Schmitter straightened. “The brig, sir?”

“The brig,” Travers confirmed. “At least until we can get a starship out here to take him into custody. After that, he’s Starfleet’s problem.”

“I’ve got another one,” Barclay announced proudly.

Geordi turned away from his own work below a denuded control console to look at the lieutenant, who was standing in front of a similar console on the other side of the room. Barclay’s fingers were running over the pads and keys on his control board while he eyed the monitor above it.

Data and O’Connor had popped their heads out as well. O’Connor looked hopeful; the android was as emotionless as ever, at least on the outside.

“Good going, Reg,” said the chief engineer. “Any idea what it is?”

La Forge tried his best to keep the strain out of his voice. After all, Barclay was high-strung enough as it was. The last thing he needed was a stepped-up sense of urgency.

“Don’t know,” said the thin man, his eyes flickering across the screen. His lips pressed together as he concentrated. “Not for sure, anyway. But …” Suddenly, he cast a glance in Geordi’s direction. “I wonder if this could be … their retrieval beam!”

The chief engineer cursed softly. So far, working like demons, they had coaxed a number of systems into operation—even if they hadn’t the slightest idea how they worked.

First, there had been the sensor-access monitor, which was virtually useless as a search tool without its associated memory banks. Then they’d gotten something similar to an annular confinement beam up and running. Next, they had restored what appeared to be a transporter lock. And most recently, they’d added a time-space adjustment device, which allowed for the passage of planets through space.

After all, any given world could move tens of millions of kilometers in as little as half a solar year. If the transporter couldn’t adjust for this, it might only send people and things to a world’s current location, as opposed to the position it occupied at a designated point in the past. The result? It would be beaming its transportees into the void, which would hardly be to their liking.

In any case, with all these systems purring contentedly, they could now lock on to a subject—provided they knew where it was—and by virtue of the monitor, actually see what they had locked on to. Then, with the help of the time-space adjuster and the confinement beam analog, they could establish a path through space and time for the subject’s atoms to travel along.

Now Barclay thought he had gotten the retrieval system going. If he was right, they had everything they needed to bring the captain back. Except for two little items, of course. One was the ability to reassemble Captain Picard’s atoms once they were drawn back into the station.

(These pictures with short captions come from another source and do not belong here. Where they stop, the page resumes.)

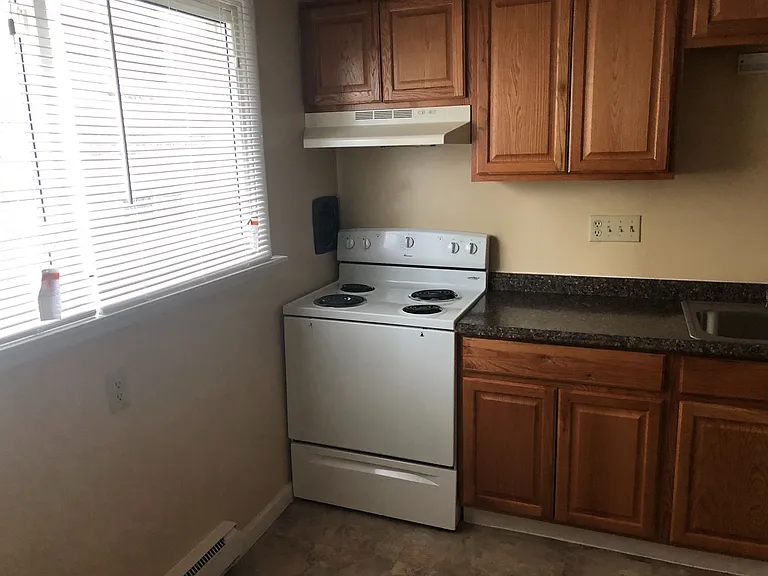 170 Polk St — Photo 2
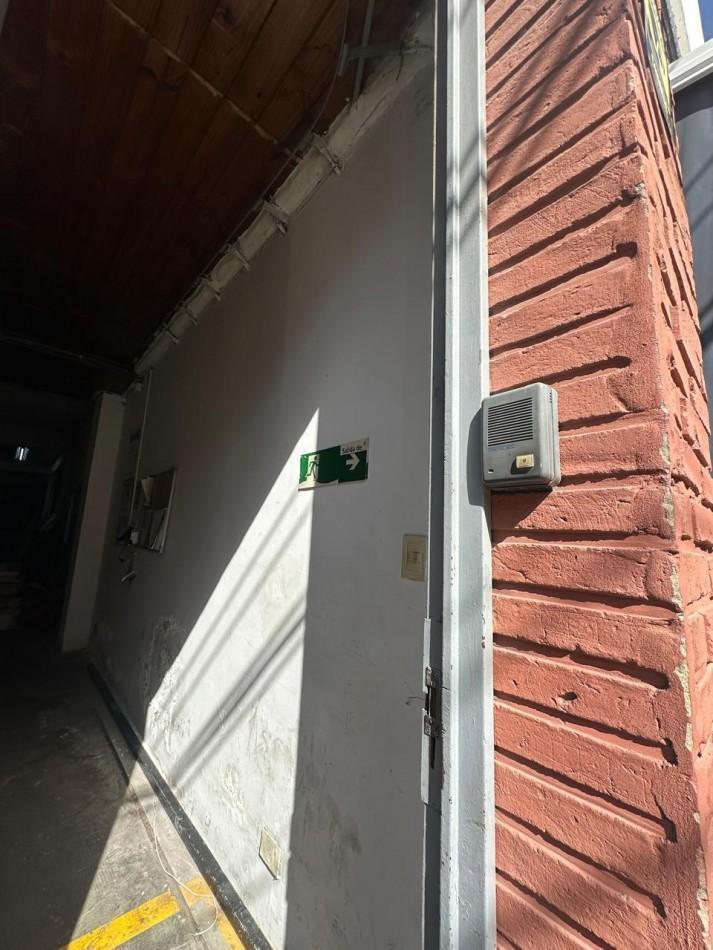 Foto de GALPON EN ALQUILER VICENTE LOPEZ 900M2, imagen 2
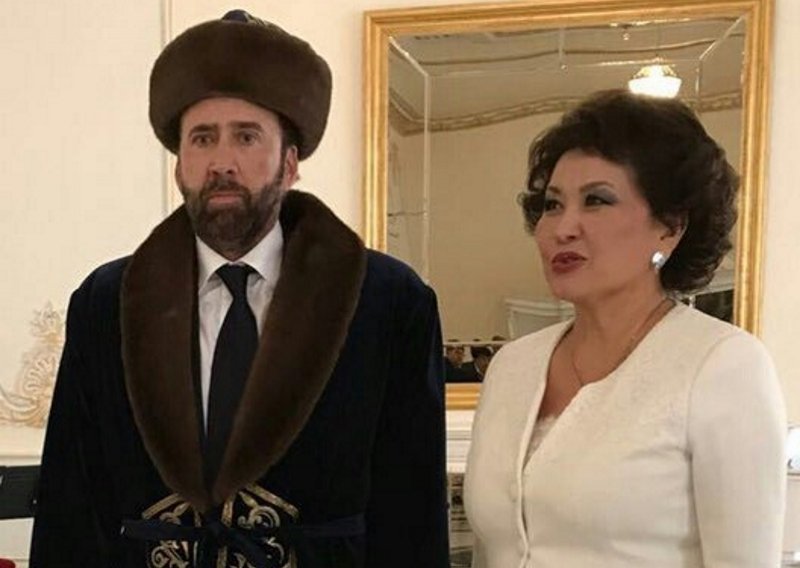 Internet je potpuno poludio za ovom fotkom Nicolasa Cagea u Kazahstanu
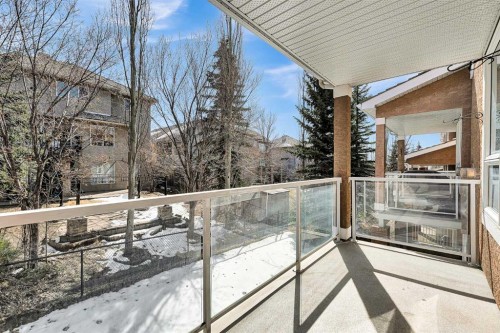 34 Royal Manor Nw, Calgary, AB - Outdoor With Exterior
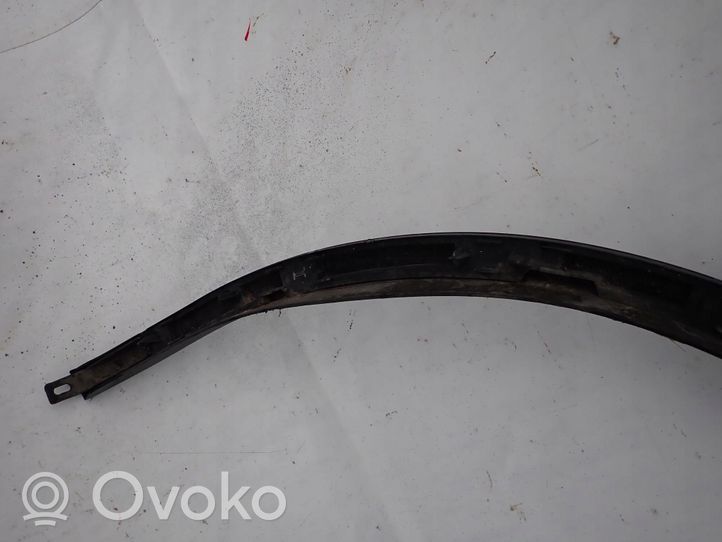 Volkswagen Touareg II Listwa błotnika przedniego 7P6853718C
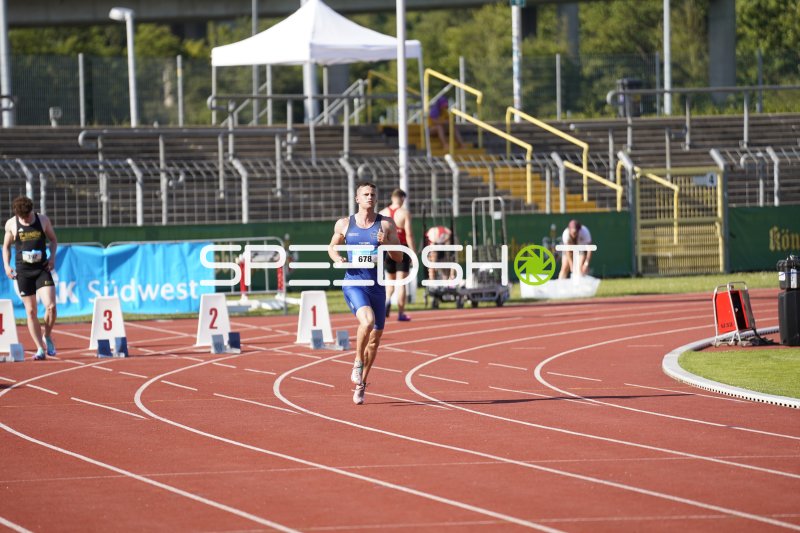 Hieronymi Lars (678) im Laufwettbewerb im Stadion Oberwerth Koblenz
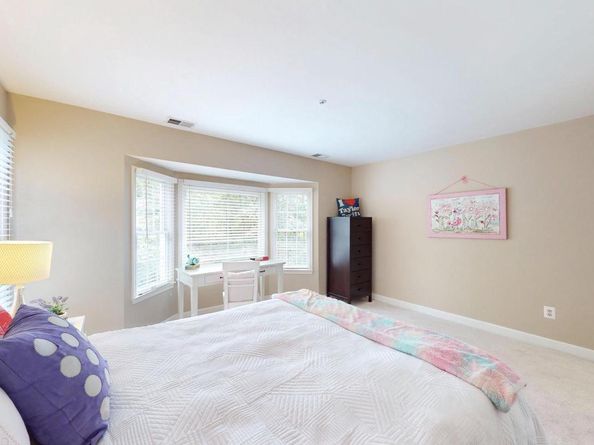 126 Lake Drive, Sterling VA 20164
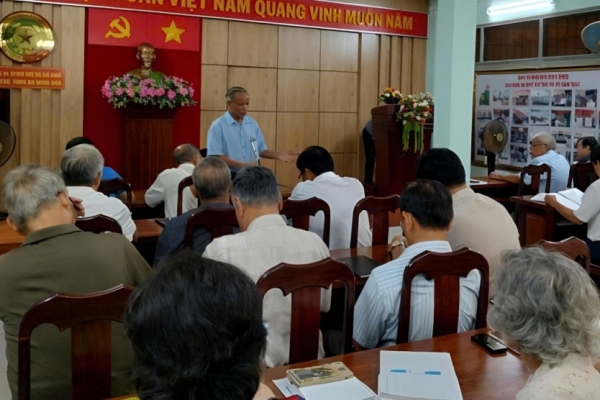 Thường trực Hội Cựu CAND TP.HCM cụm 2 tổ chức thảo luận 7 dự thảo văn bản của Hội Cựu CAND TP.HCM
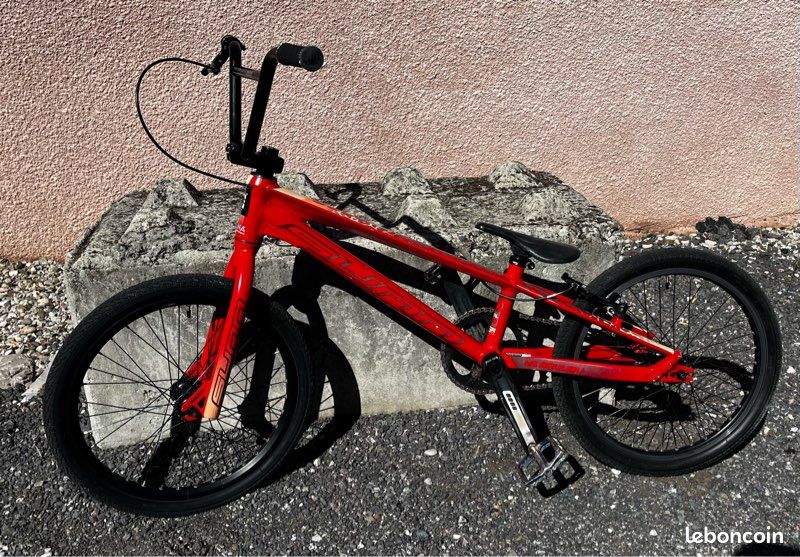 BMX race pro (image 1)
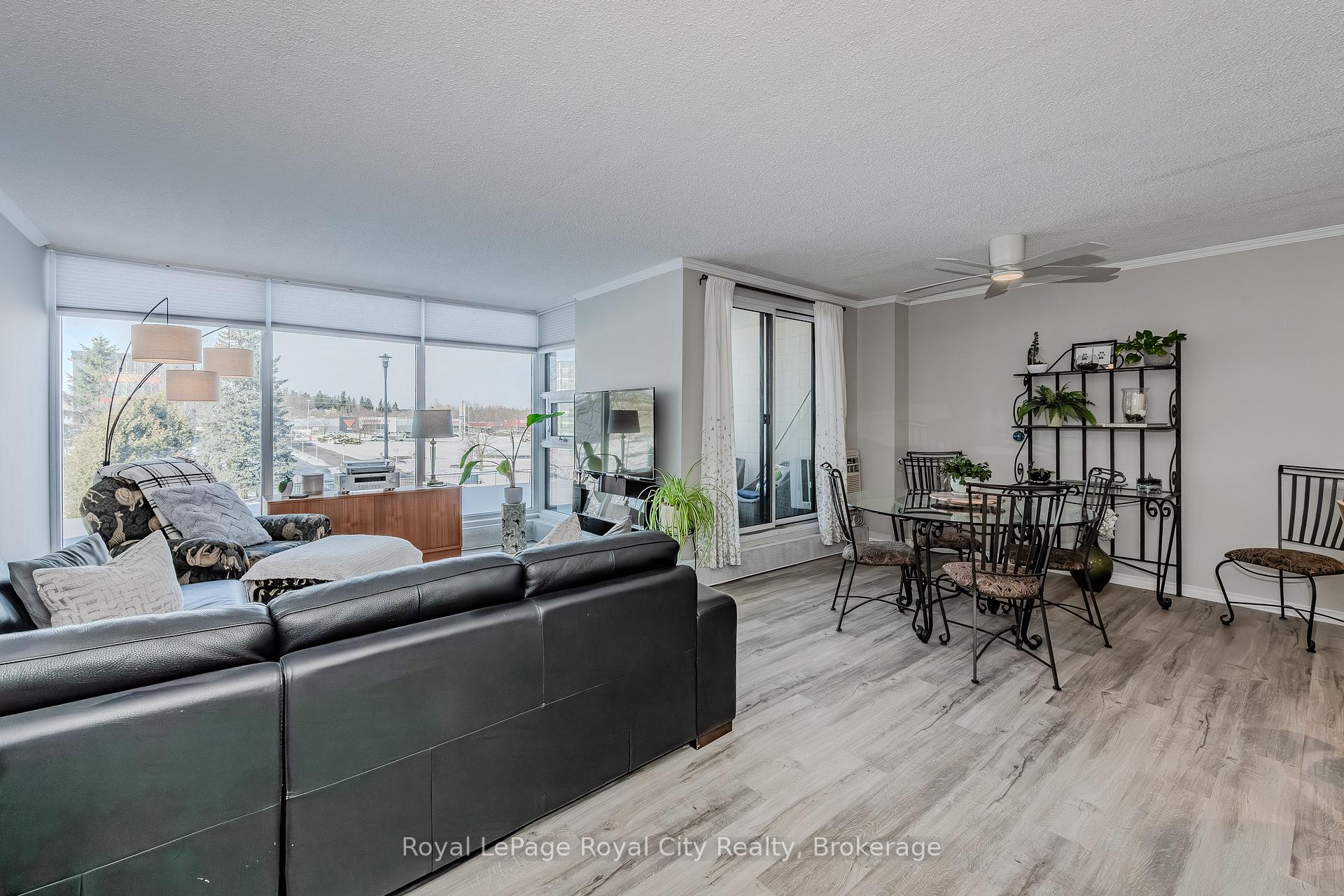 Photo 9 of Unit 207, 19 Woodlawn Road E, Guelph, Riverside Park — HOMEH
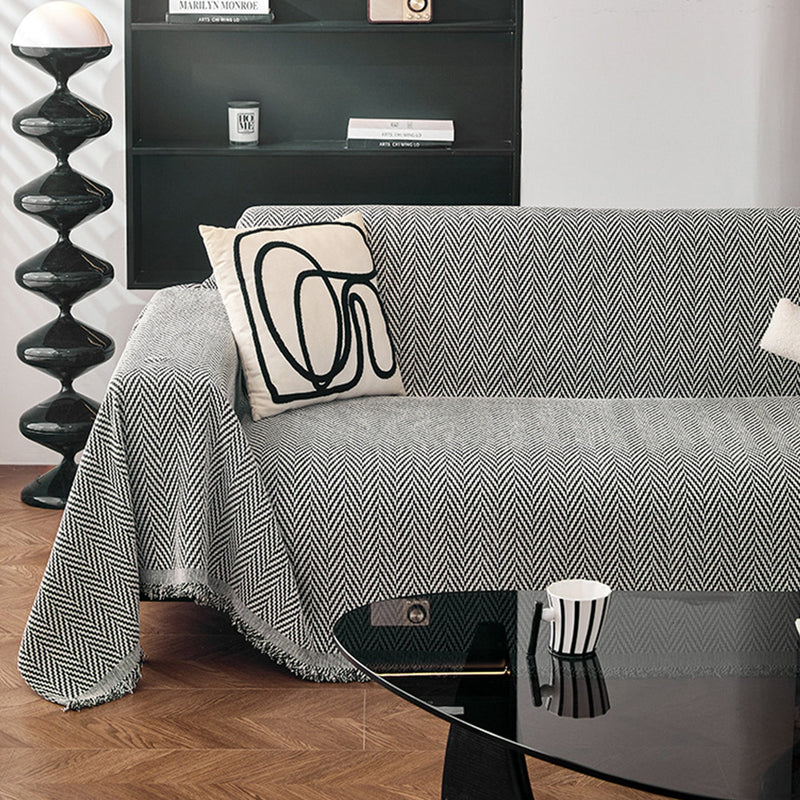 Sofaüberwurf aus Chenille mit Feinem Fischgrätmuster und Fransen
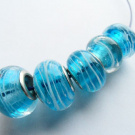 Vinutá perla - světle modrá s bílou  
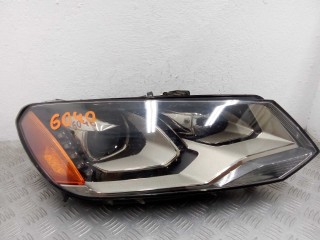 Фара правая Volkswagen Touareg 2010-2014, 8K0941597C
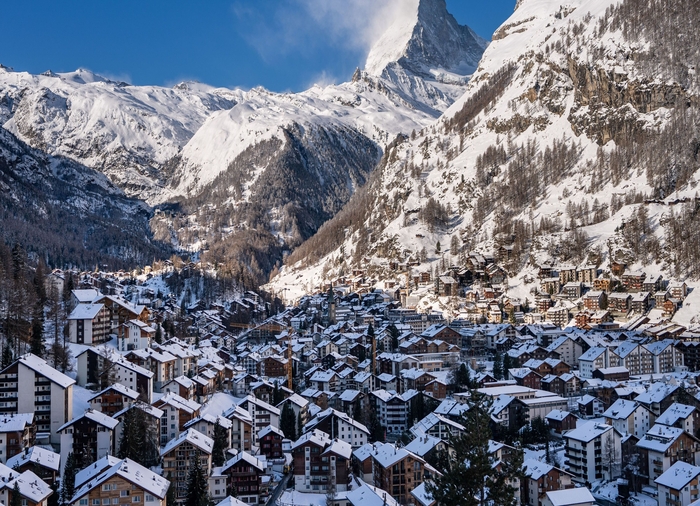honeymoon packages with Travelive, luxury travel agency
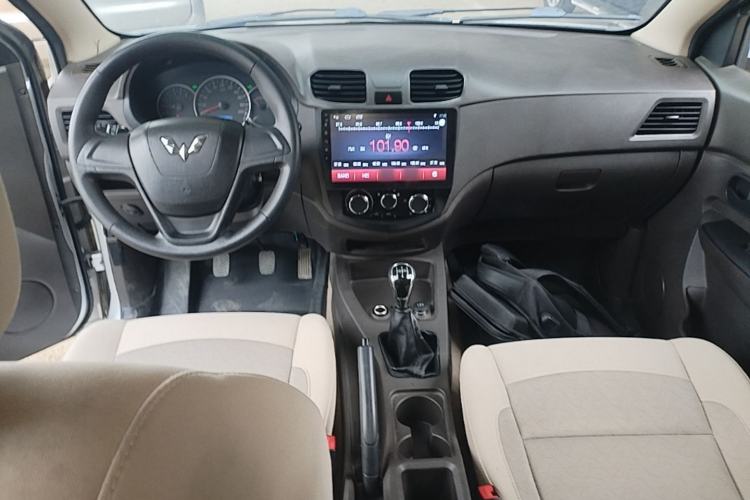 Used Wuling Hongguang 2015 1.5L S Basic Version China V Standard Center Console
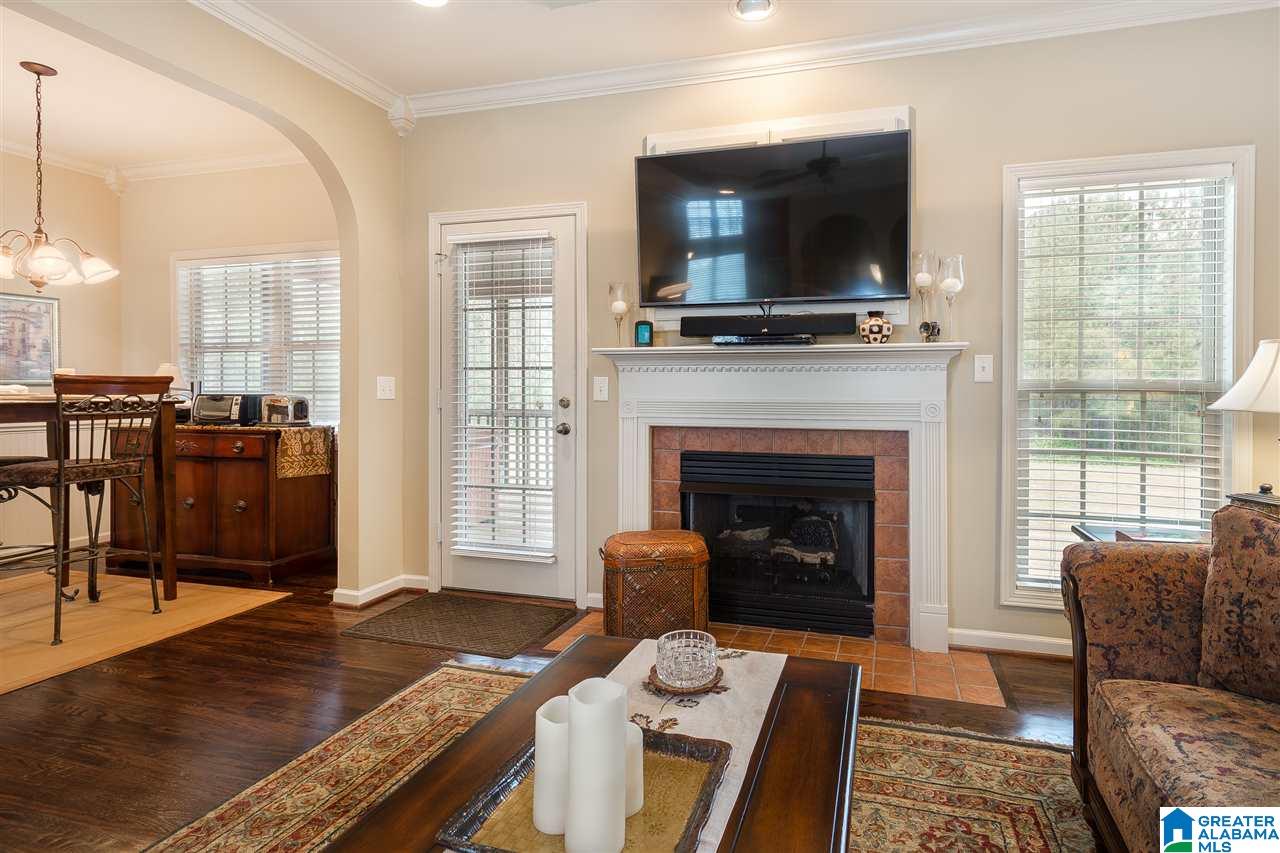 585 Ridgefield Way Odenville, AL 35120 - Photo 8 of 36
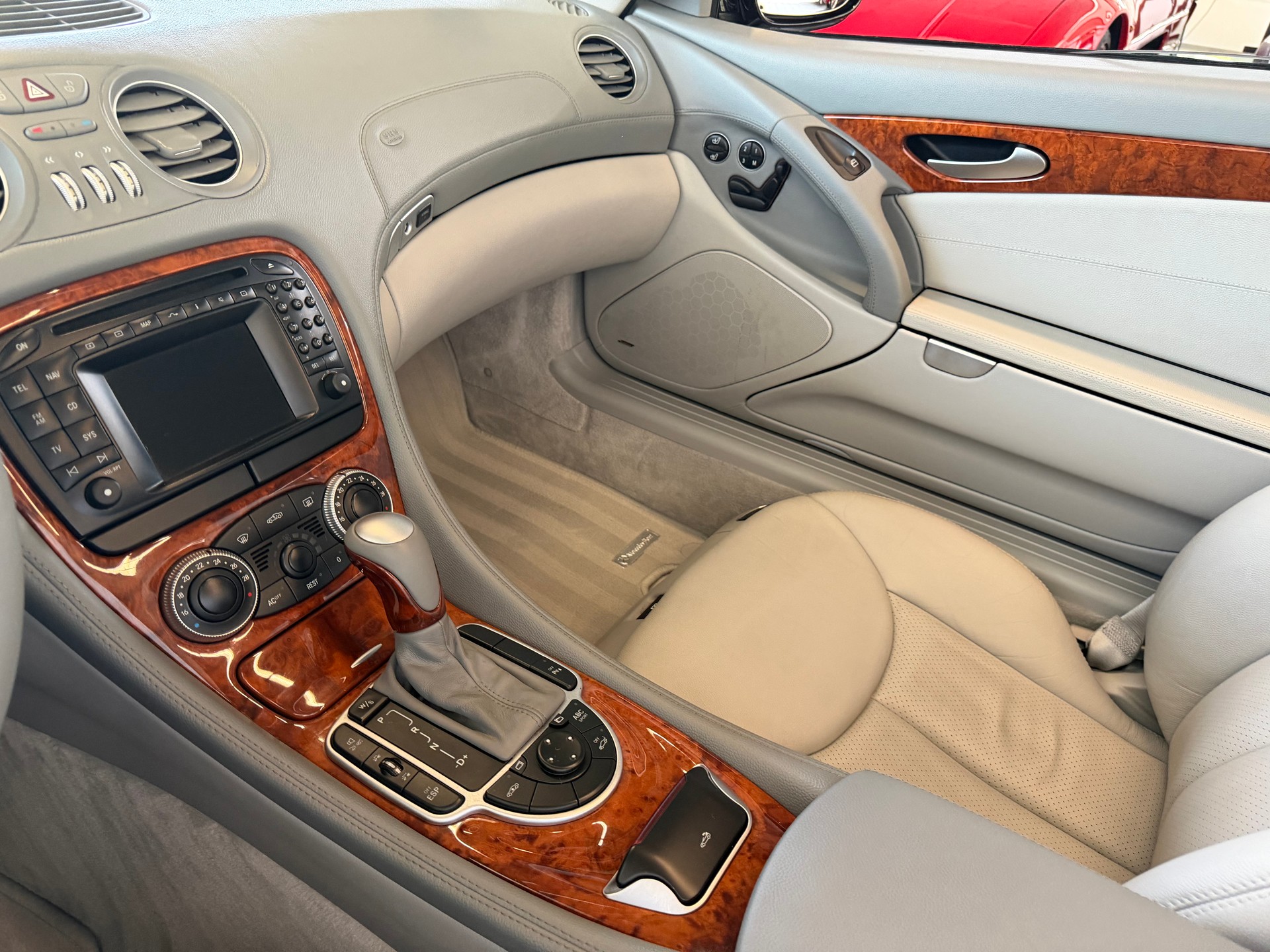 MERCEDES-BENZ SL 500 Automatic-image-16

The other was a set of coordinates describing where and when he was.

But first things first. If they really had a working retrieval system, it would be simple enough to prove it. And if not, at least they would know where they stood.

“Reg,” Geordi ventured, “can you get your system working in tandem with the others?”

Barclay’s brow creased as he attempted to comply. A moment later, he recoiled a couple of inches. Then he looked to his superior and shrugged.

“Apparently,” he explained, in his characteristic start-and-stop way, “the system’s beaten me to it. I mean, it’s working in tandem with the other routines already. I guess that’s how it was designed.”

Geordi felt grateful for the small favor. At least something was going right.